Friday, September 27, 2013

Beware Hidden Motivations

     Often, the motivation to settle or to sue has nothing to do with the case that is before a mediator or Judge.  For example, a party may feel disrespected by her family members, may feel let down by her personal trainer or frustrated by her former spouse.  The motivation to sue someone is sometimes an enigma that doesn't completely reveal itself to the lawyer who brings the claim.  Then, many months or years later, the motivation to settle can derive from something altogether different, such as an impending divorce, a series of bad investments, a desire to quit a job or leave the country.  A business may be positioning itself for sale or acquisition.  A lawyer may be leaving the practice to write novels or open an art gallery.  When you probe with open-ended questions, you can find out all kinds of factors that may have driven the litigation and will be the engines that drive towards ending the conflict.

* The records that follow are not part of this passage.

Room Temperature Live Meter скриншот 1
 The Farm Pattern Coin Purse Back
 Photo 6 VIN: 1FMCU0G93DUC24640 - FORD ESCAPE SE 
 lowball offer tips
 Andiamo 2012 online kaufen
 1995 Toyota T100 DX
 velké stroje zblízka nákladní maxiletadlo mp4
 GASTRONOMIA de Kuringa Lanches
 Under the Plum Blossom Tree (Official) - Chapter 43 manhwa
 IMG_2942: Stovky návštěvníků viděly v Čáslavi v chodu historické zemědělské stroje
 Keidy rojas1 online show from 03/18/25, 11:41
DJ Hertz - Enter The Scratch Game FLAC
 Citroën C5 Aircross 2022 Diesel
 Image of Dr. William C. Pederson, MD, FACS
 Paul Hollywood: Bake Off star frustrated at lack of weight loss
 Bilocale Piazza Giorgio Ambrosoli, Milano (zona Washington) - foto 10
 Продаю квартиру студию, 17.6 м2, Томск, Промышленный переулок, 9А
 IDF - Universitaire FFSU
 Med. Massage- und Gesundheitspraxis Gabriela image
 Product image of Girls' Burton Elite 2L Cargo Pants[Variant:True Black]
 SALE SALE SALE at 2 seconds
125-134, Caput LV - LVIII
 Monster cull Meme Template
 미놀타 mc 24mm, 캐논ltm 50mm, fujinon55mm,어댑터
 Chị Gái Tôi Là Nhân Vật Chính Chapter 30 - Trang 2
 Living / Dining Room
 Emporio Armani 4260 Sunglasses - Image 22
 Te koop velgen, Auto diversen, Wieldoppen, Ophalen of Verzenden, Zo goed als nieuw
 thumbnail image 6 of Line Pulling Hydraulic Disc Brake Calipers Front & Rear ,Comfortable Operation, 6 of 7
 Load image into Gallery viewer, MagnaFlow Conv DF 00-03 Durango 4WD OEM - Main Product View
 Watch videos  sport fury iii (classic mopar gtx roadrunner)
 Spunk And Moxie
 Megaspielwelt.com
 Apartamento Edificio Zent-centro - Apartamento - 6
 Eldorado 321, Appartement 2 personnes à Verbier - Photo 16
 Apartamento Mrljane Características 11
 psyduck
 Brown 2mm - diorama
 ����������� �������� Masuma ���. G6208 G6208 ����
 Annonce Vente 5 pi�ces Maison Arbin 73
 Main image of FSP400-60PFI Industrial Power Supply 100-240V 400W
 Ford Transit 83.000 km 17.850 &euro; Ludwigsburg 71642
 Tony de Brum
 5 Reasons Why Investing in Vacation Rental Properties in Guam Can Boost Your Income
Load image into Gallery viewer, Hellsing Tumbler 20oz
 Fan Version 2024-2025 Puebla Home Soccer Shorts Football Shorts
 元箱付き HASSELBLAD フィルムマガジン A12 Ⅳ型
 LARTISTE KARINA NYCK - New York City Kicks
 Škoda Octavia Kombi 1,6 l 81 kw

     This week, I mediated a case brought by a very wealthy woman against her former business partner in a business centered around her daughter's sport.  Now that the woman had a falling out with her daughter, (who was a freshman in college), she was angry at the considerable investment she had made in her childhood activities.  Rather than sue her own daughter, she sued her daughter's fondest coach.  Once it became evident that the lawsuit was not motivated by a desire to collect considerable damages, but by a hope that she could be heard and understood now that she was alone, she could put the dispute in a proper storage bin, alongside all of the complicated emotions and memories that empty nesters put the worldly possessions of their children's childhood in once they move away and spread their wings.  Having your last child move out on his own is a huge adjustment, but, like aging itself, there is no easy way to turn back the clock and change history.   Mom and Dad just have to keep looking forward, not back and re-frame their children's childhood in the most favorable light possible.

     Even a black cat can not consistently spot the mouse in the grass.  Once she makes peace with that, she can just begin to enjoy the long grassy garden for it's own sake.